France | France, Conseil d'État, 3ème chambre, 10 mai 2019, 418082


Vu la procédure suivante :

Par une requête sommaire, un mémoire complémentaire, un nouveau mémoire et un mémoire en réplique, enregistrés les 12 février, 14 mai, 2 novembre 2018 et 12 avril 2019 au secrétariat du contentieux du Conseil d'Etat, la Fédération nationale des producteurs et élaborateurs de Crémant demande au Conseil d'Etat :

1°) d'annuler pour excès de pouvoir l'arrêté interministériel du 8 décembre 2017 relatif à l'indication géographique protégée " Pays d'Oc " ;

2°) de mettre à la charge de l'Etat la somme de 3 000 euros au titre de

l'article L. 761-1 du code de justice administrative.

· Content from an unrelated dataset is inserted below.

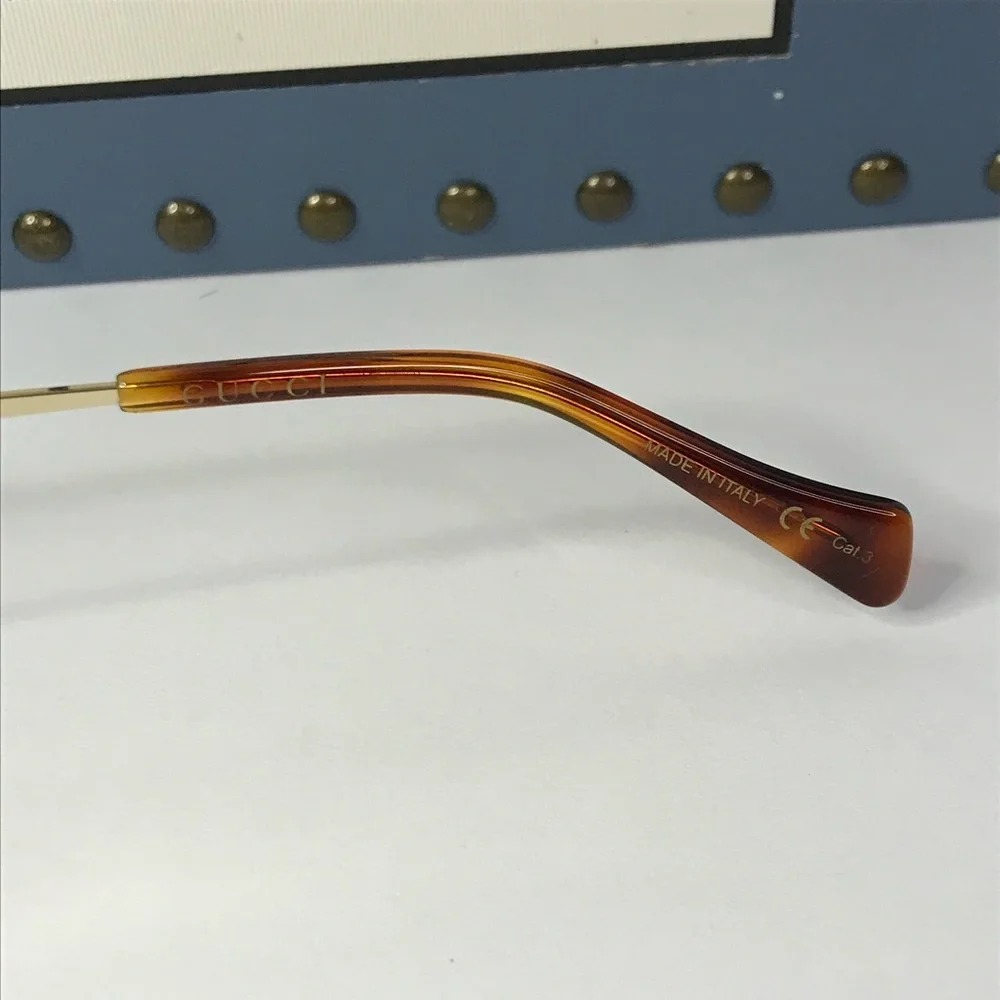 New Authentic Gucci Brown Pilot Ladies Sunglasses GG0969S 002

Vu les autres pièces du dossier ;

V...

Vu la procédure suivante :

Par une requête sommaire, un mémoire complémentaire, un nouveau mémoire et un mémoire en réplique, enregistrés les 12 février, 14 mai, 2 novembre 2018 et 12 avril 2019 au secrétariat du contentieux du Conseil d'Etat, la Fédération nationale des producteurs et élaborateurs de Crémant demande au Conseil d'Etat :

1°) d'annuler pour excès de pouvoir l'arrêté interministériel du 8 décembre 2017 relatif à l'indication géographique protégée " Pays d'Oc " ;

2°) de mettre à la charge de l'Etat la somme de 3 000 euros au titre de l'article L. 761-1 du code de justice administrative.

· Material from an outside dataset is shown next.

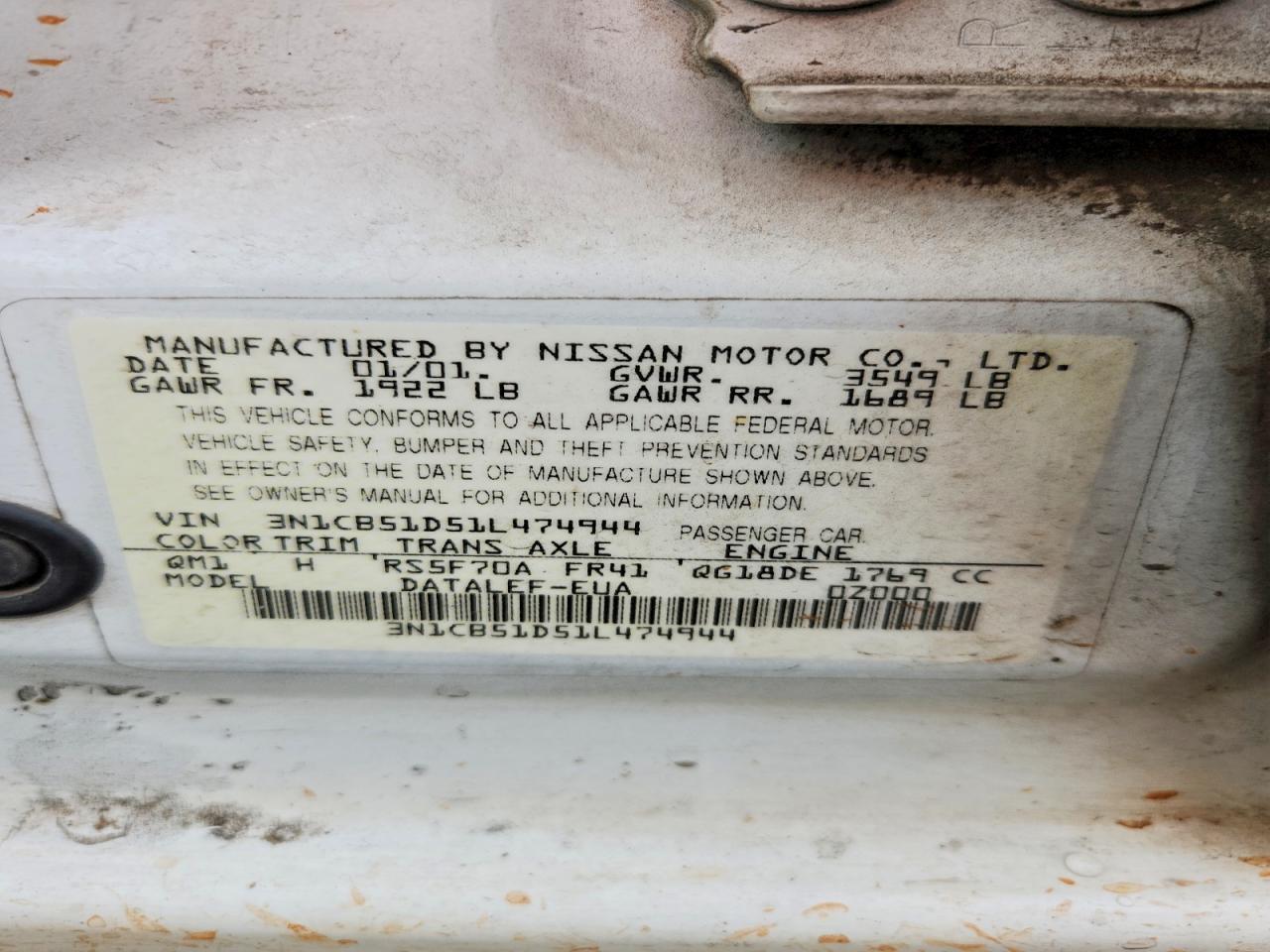 2001 NISSAN SENTRA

Vu les autres pièces du dossier ;

Vu :

- le règlement (UE) n° 1308/2013 du Parlement européen et du Conseil du 17 décembre 2013 portant organisation commune des marchés des produits agricoles ;

- le règlement (CE) n° 607/2009 de la Commission du 14 juillet 2009 fixant certaines modalités d'application du règlement (CE) n° 479/2008 en ce qui concerne les appellations d'origine protégées et les indications géographiques protégées, les mentions traditionnelles, l'étiquetage et la présentation de certains produits du secteur vitivinicole ;

- le code rural et de la pêche maritime ;

- le code de justice administrative ;

Vu l a note en délibéré, enregistrée le 16 avril 2019, présentée par l'INAO ;

Vu l a note en délibéré, enregistrée le 17 avril 2019, présentée par le syndicat des producteurs de vin de pays d'Oc ;

Vu l a note en délibéré, enregistrée le 17 avril 2019, présentée par le ministre de l'agriculture et de l'alimentation ;

Après avoir entendu en séance publique :

- le rapport de M. Sylvain Monteillet, maître des requêtes en service extraordinaire,

- les conclusions de Mme Emmanuelle Cortot-Boucher, rapporteur public ;

La parole ayant été donnée, avant et après les conclusions, à la SCP Waquet, Farge, Hazan, avocat de la Fédération nationale des producteurs et élaborateurs de crémant et à la SCP Didier, Pinet, avocat de l'Institut national de l'origine et de la qualité ;

Considérant ce qui suit :

1. Par arrêté du 8 décembre 2017, les ministres de l'économie et des finances, de l'agriculture et de l'alimentation et de l'action et des comptes publics ont homologué le nouveau cahier des charges de l'indication géographique protégée " Pays d'Oc ", proposé par l'Institut national de l'origine et de la qualité. Si la Fédération nationale des producteurs et élaborateurs de Crémant demande au Conseil d'Etat l'annulation pour excès de pouvoir de cet arrêté, il ressort des termes de sa requête et notamment des moyens développés qu'elle entend attaquer cet arrêté en tant seulement qu'il élargit aux vins mousseux de qualité rouges, rosés, blancs, gris et gris de gris la possibilité de se prévaloir de l'indication géographique protégée " Pays d'Oc ", auparavant réservée aux seuls vins tranquilles par la précédente dénomination " Vin de pays d'Oc " à laquelle s'est substituée l'indication litigieuse.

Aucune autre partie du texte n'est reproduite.